All rasps must be handled for use. There are two important reasons for this: first, if the rasp does not have a handle, you will tend to grasp it on the lower part of the teeth. This is not only a great way to cut yourself, it wastes half the stroke of the file and makes every cut take twice as long. The second reason is safety. If the rasp were to catch while you were filing, the tang could punch its way though your hand. So please use a handle. All of our rasps come with handles already installed.
The teeth on Auriou rasps are slightly angled to favor right-handed users. If you are left-handed, please contact us as we can order you left-handed rasp (although we do keep some in stock). The reason has to do with the proper use of a rasp.
A rasp should be grasped by the handle in one hand. This is where the power behind the rasp comes from. The other hand should grasp the tip of the rasp in thumb and forefinger, to balance the pressure on the stroke and to give control. The teeth should be perpendicular to the direction of the stoke. Auriou rasps are handed, so you hold them at an angle to the work but push them perpendicularly to the work. See the diagram below for clarification. The reason for this is that it is more natural and easier to hold the rasp at an angle to your body, which lets you stand closer to the work, giving you more leverage.

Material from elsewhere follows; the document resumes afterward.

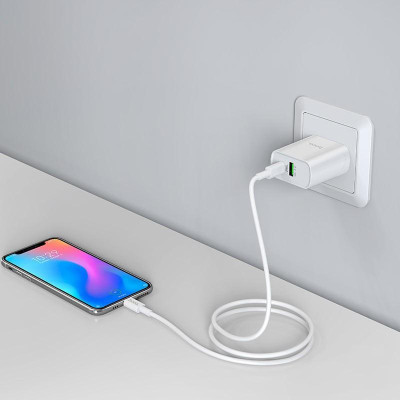 Bộ sạc PD 20W hoco. C80A – Hàng Chính Hãng 2 cổng ( USB + Type-C ) sạc nhanh 3A, Quick Charger 3.0 cho iPhone/iPad ( kèm dây 1m )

The exact angle varies but you will find your own sweet spot fairly quickly.
Use the rasp in a long and smooth forward stroke. It will cut very fast. At the end of the stroke, lift the rasp off the work and retract it for the next stroke. The rasp only cuts on the forward stroke. Do not pull back with the rasp against the work, as you will in time dull the rasp prematurely.
Storage and Cleaning
When you are done with a rasp, use a brush to clean and unclog the teeth. Don't use a file card made of wire (steel or brass), that will dull the rasp in time. Michel Auriou strongly cautions against this and suggests a short (3/8" long) stiff natural bristle brush. He also suggests that after cleansing, a light coat of camellia oil should be applied to protect the rasp from rust.